AVAILABLE DATA —
★ ★ ★ ★ ★

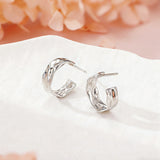 These sterling silver stud earrings are inspired by the natural, smooth folds of tin foil. Their surface texture resembles the wrinkles on tin foil, presenting a stunning sheen. The simple yet stylish design makes them versatile and practical, easily adding a touch of modern fashion to your everyday outfits.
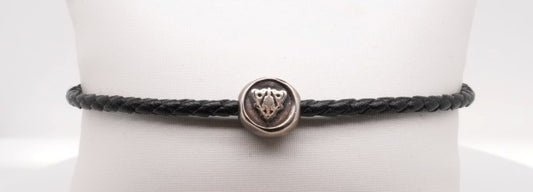 GUCCI Woven Black Leather Bracelet with Sterling Silver Crest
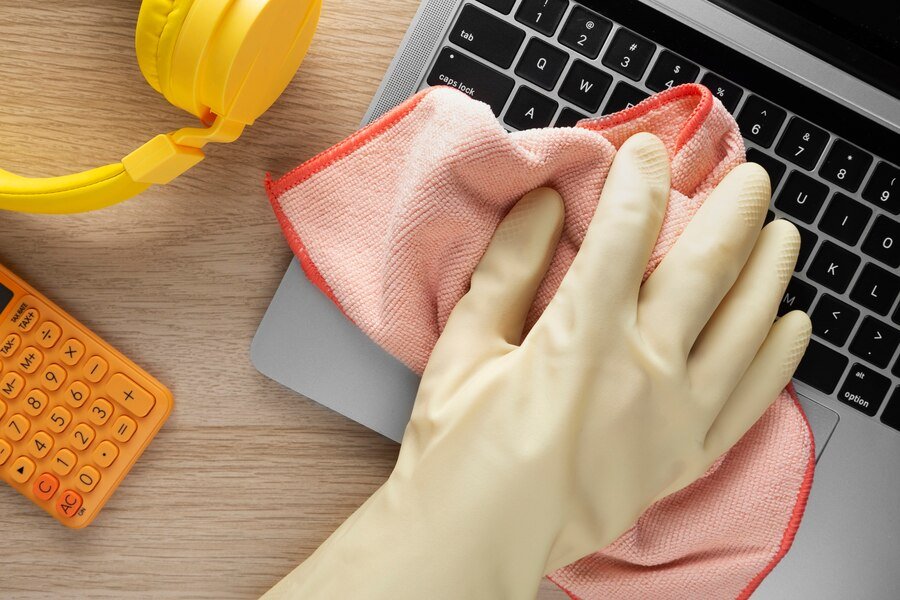 Person cleaning a laptop with a cloth, yellow headphones, and an orange calculator nearby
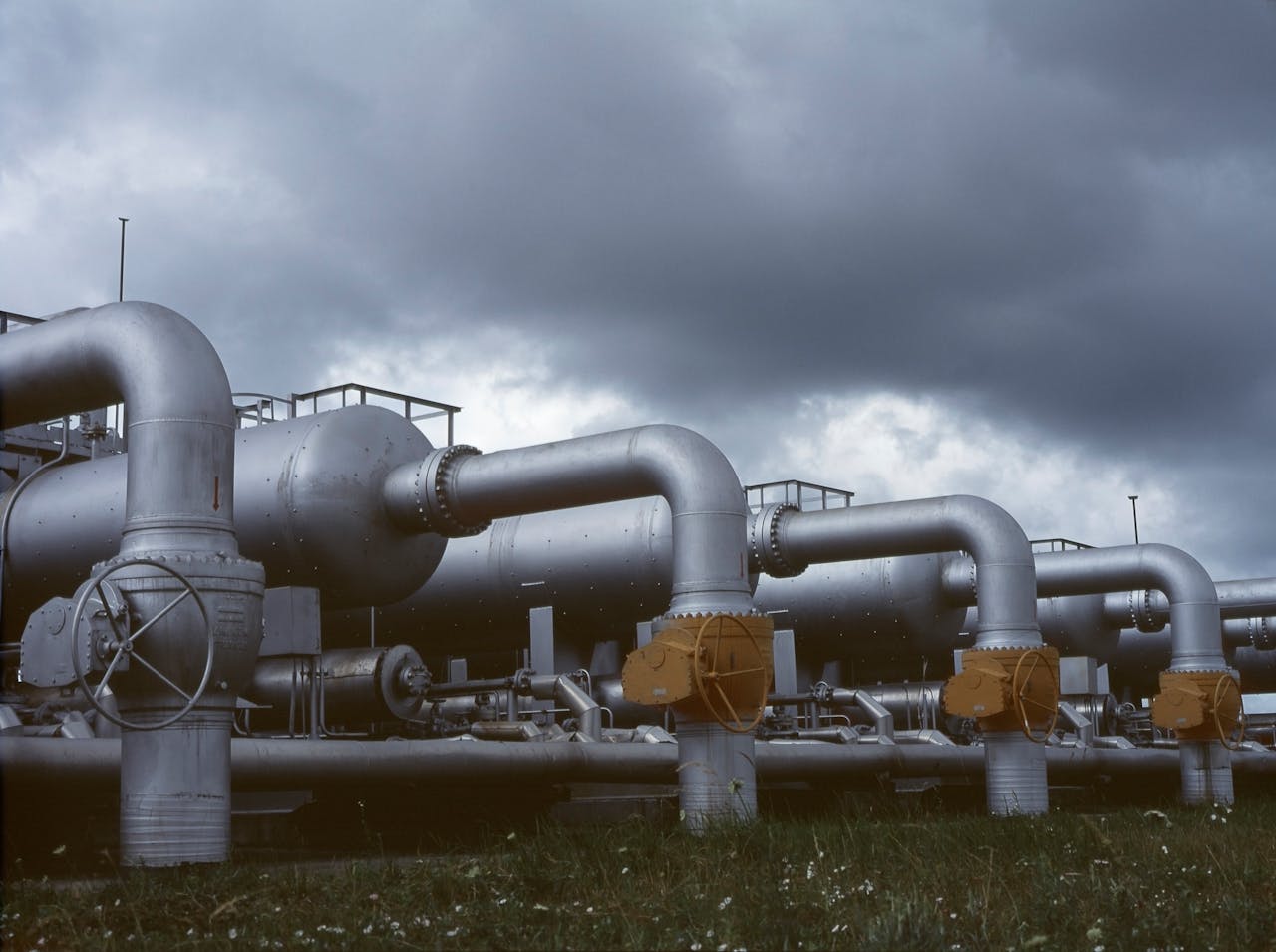 services-03 Gloomy industrial scene with metal pipes and valves under dark clouds.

★ ★ ★ ★ ★

TO DO — Copy exactly, and copy nothing else: the lines from the one containing "Person cleaning a" through the end of the data, both ends included, with pictures left out.

WRITTEN ANSWER —
 Person cleaning a laptop with a cloth, yellow headphones, and an orange calculator nearby
 services-03 Gloomy industrial scene with metal pipes and valves under dark clouds.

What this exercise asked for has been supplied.